Your assignment: In the data below, find the line with "Teodoro Obiang y" and output it along with every later line, exactly, but not the pictures.

--- START ---

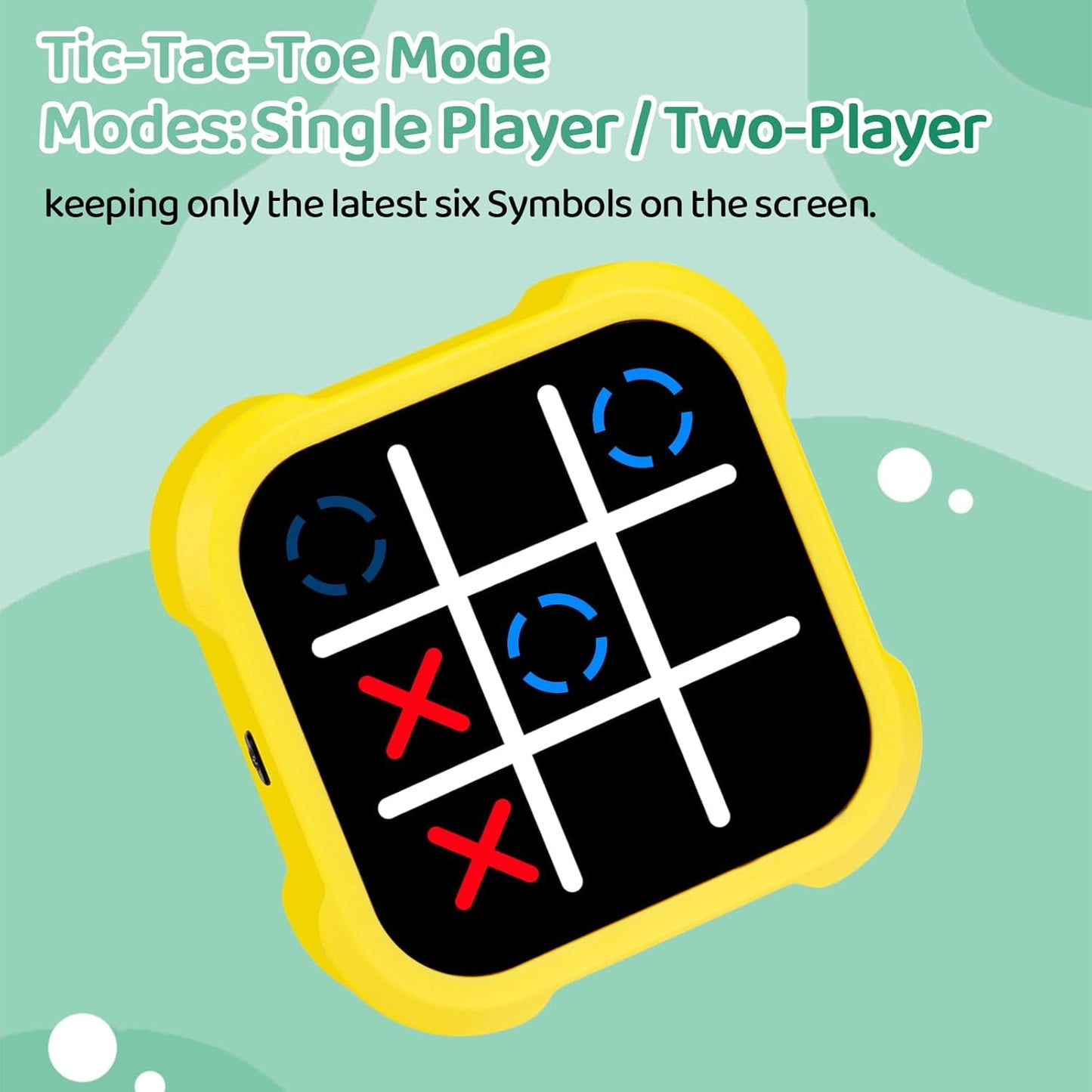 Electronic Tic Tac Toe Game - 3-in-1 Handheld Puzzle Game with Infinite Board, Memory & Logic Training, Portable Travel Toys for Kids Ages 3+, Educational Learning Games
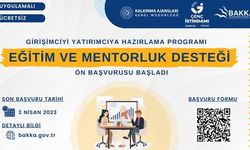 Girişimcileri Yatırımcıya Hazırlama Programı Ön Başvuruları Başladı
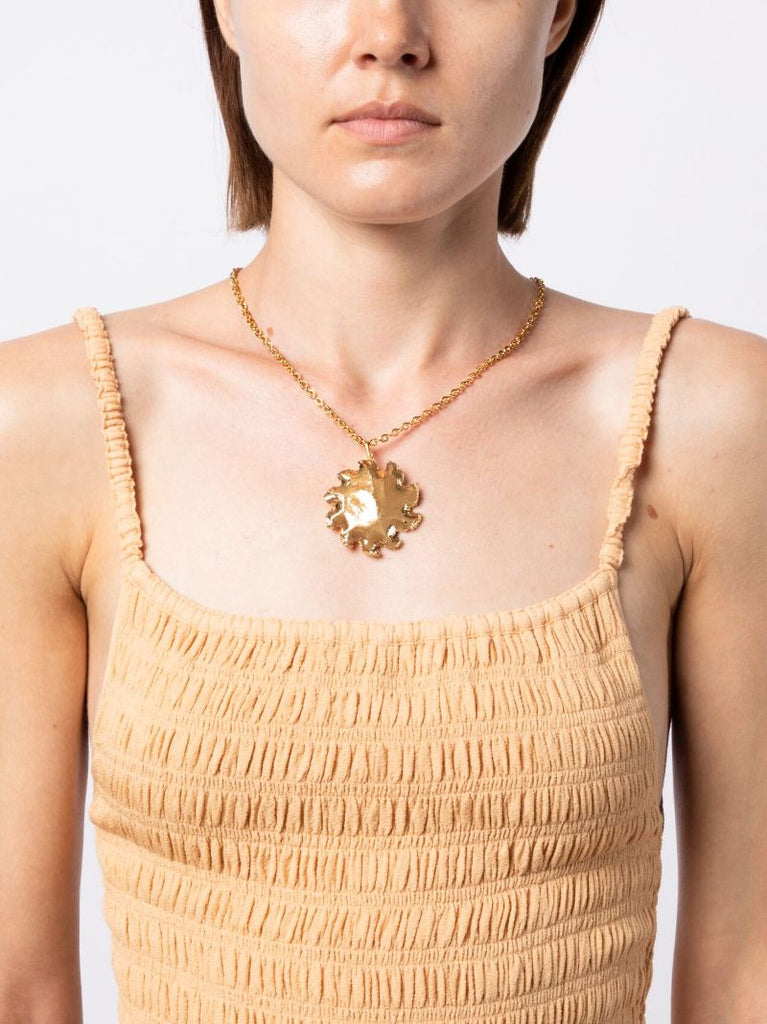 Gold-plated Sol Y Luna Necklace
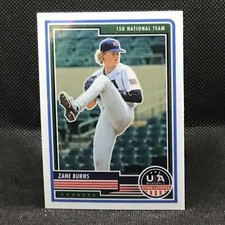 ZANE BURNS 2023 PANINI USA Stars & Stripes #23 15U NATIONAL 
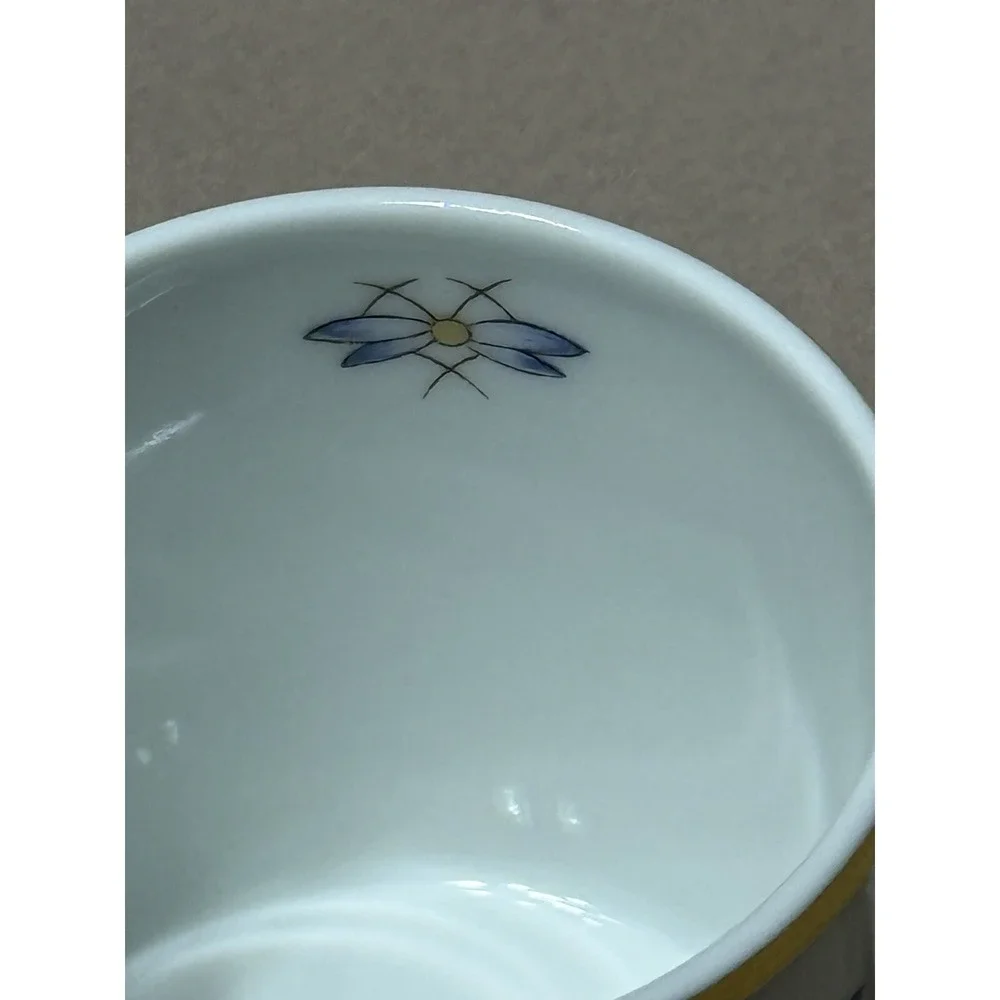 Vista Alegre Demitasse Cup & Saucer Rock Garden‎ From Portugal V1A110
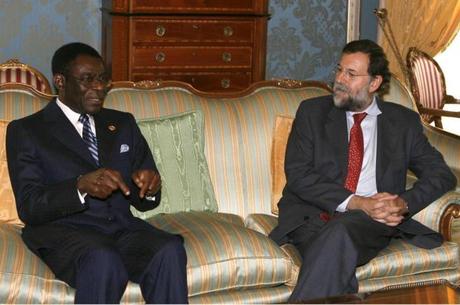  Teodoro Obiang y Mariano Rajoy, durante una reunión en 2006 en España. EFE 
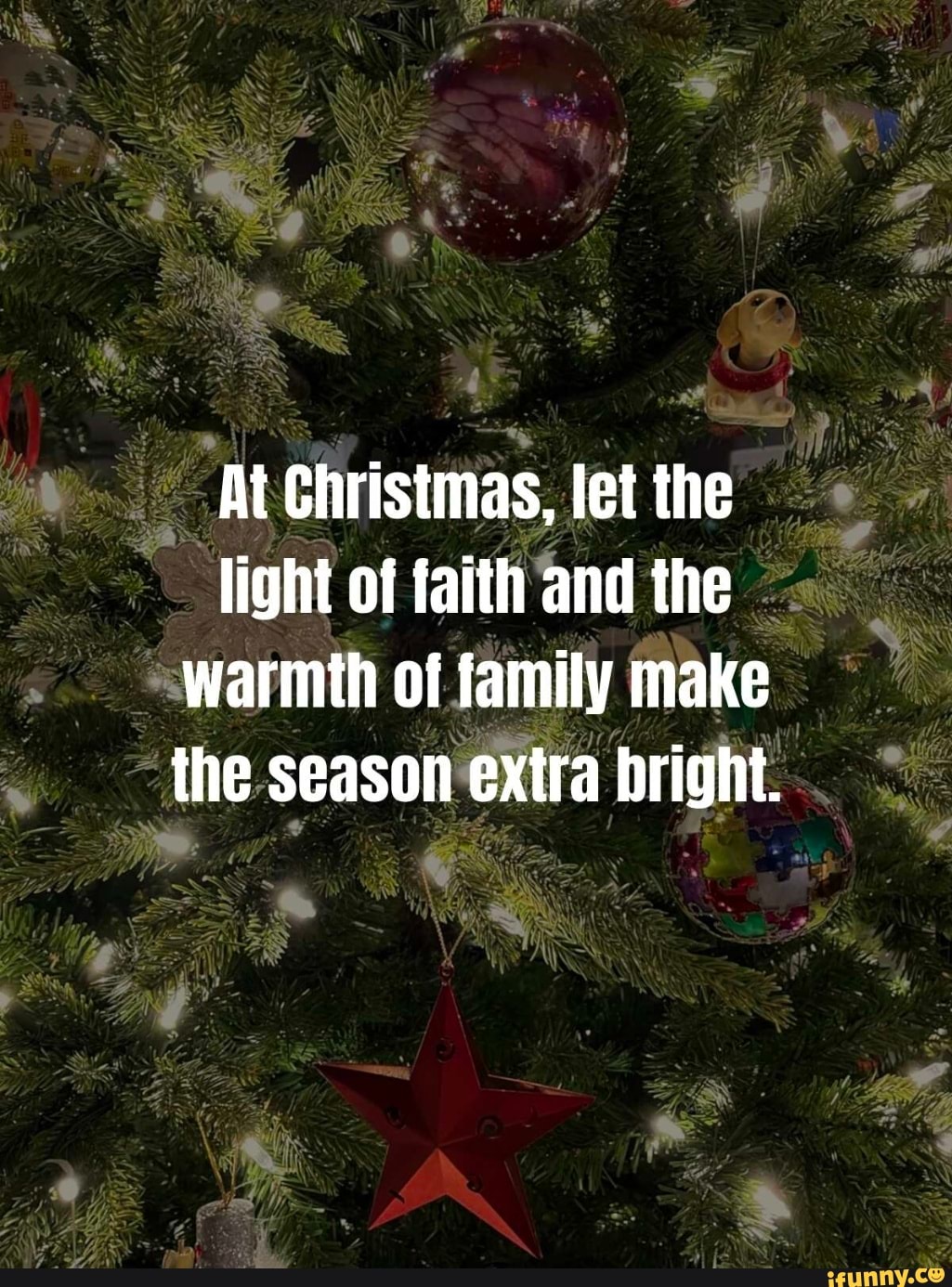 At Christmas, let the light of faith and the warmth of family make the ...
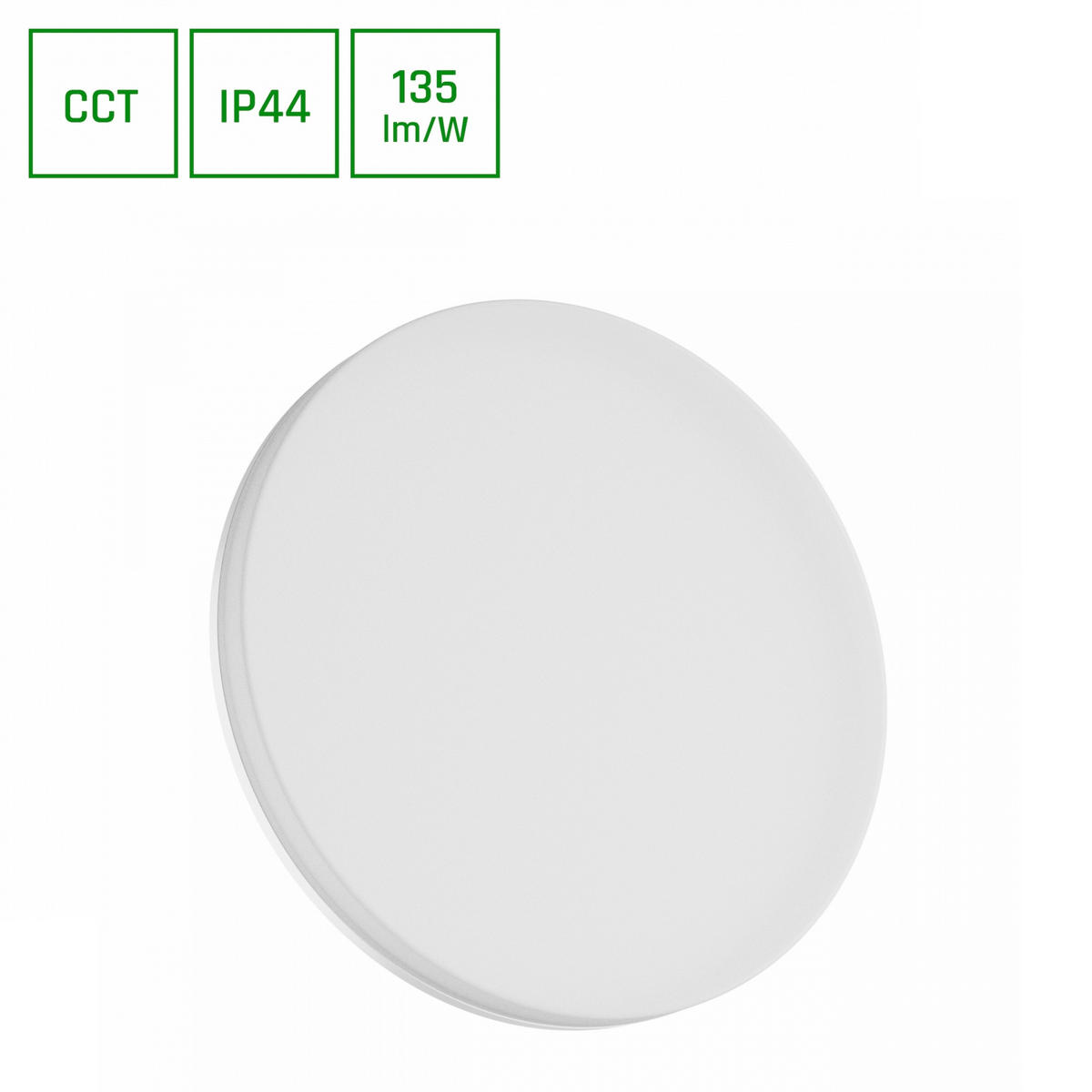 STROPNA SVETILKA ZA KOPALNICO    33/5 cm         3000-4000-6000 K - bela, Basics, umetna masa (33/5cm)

--- END ---

Answer section:
  Teodoro Obiang y Mariano Rajoy, durante una reunión en 2006 en España. EFE 
 At Christmas, let the light of faith and the warmth of family make the ...
 STROPNA SVETILKA ZA KOPALNICO    33/5 cm         3000-4000-6000 K - bela, Basics, umetna masa (33/5cm)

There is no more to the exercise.